Recorded data:

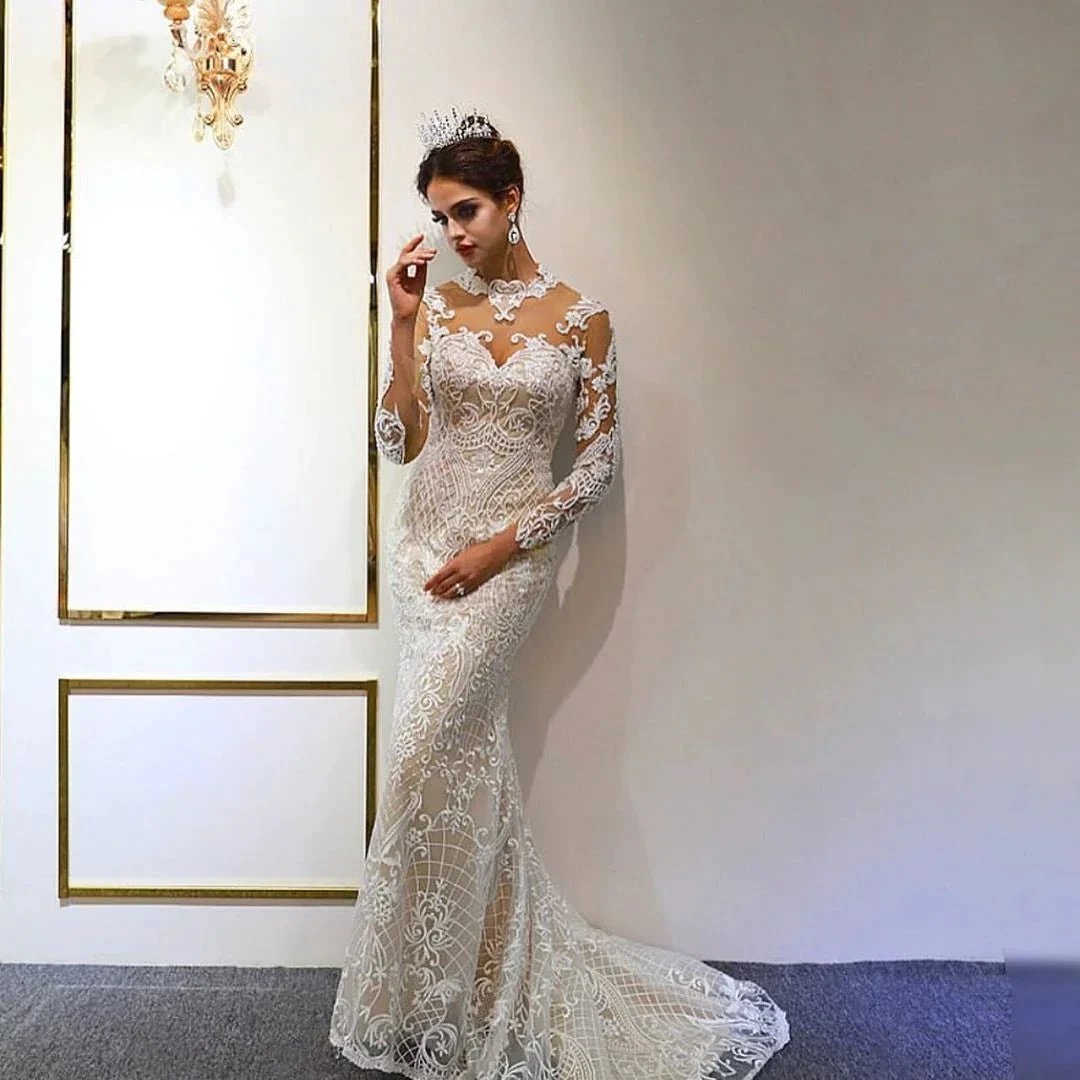 Gorgeous Long A-Line Sweetheart Appliques Lace Wedding Dress with Sleeves by BIZTUNNEL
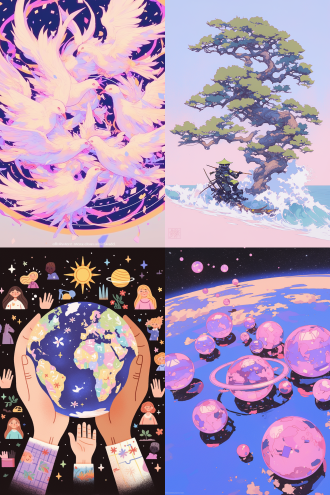 许多天使环绕地球，全景构图，宇宙环境，超广镜头，冷色调，逆光，无云，神秘，火焰动态，星球元素，高分辨率，深邃感，漫画风格，水彩质感，儿童画色彩。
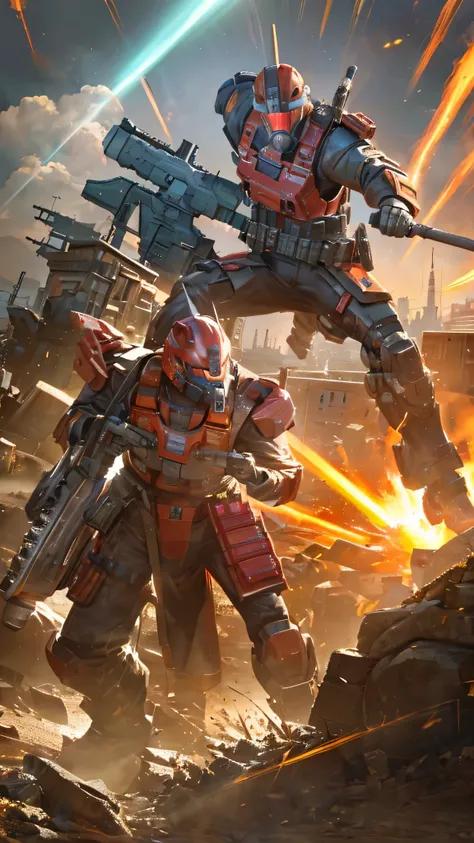 最high quality、Best image quality、masterpiece、Giant Mecha((humanoid、Railgun、Bulletproof vest、Jetpack、Red visor、Run、Chainsaw,Full of wounds,gas mask、Gold Color、Fighting Pose、Muscular)）high quality、Beautiful art、background((City、explosion、Smokescreen)),Tablet...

Exercise:
The whole listing, pictures excluded, should be output exactly.

Written answer:
 Gorgeous Long A-Line Sweetheart Appliques Lace Wedding Dress with Sleeves by BIZTUNNEL
 许多天使环绕地球，全景构图，宇宙环境，超广镜头，冷色调，逆光，无云，神秘，火焰动态，星球元素，高分辨率，深邃感，漫画风格，水彩质感，儿童画色彩。
 最high quality、Best image quality、masterpiece、Giant Mecha((humanoid、Railgun、Bulletproof vest、Jetpack、Red visor、Run、Chainsaw,Full of wounds,gas mask、Gold Color、Fighting Pose、Muscular)）high quality、Beautiful art、background((City、explosion、Smokescreen)),Tablet...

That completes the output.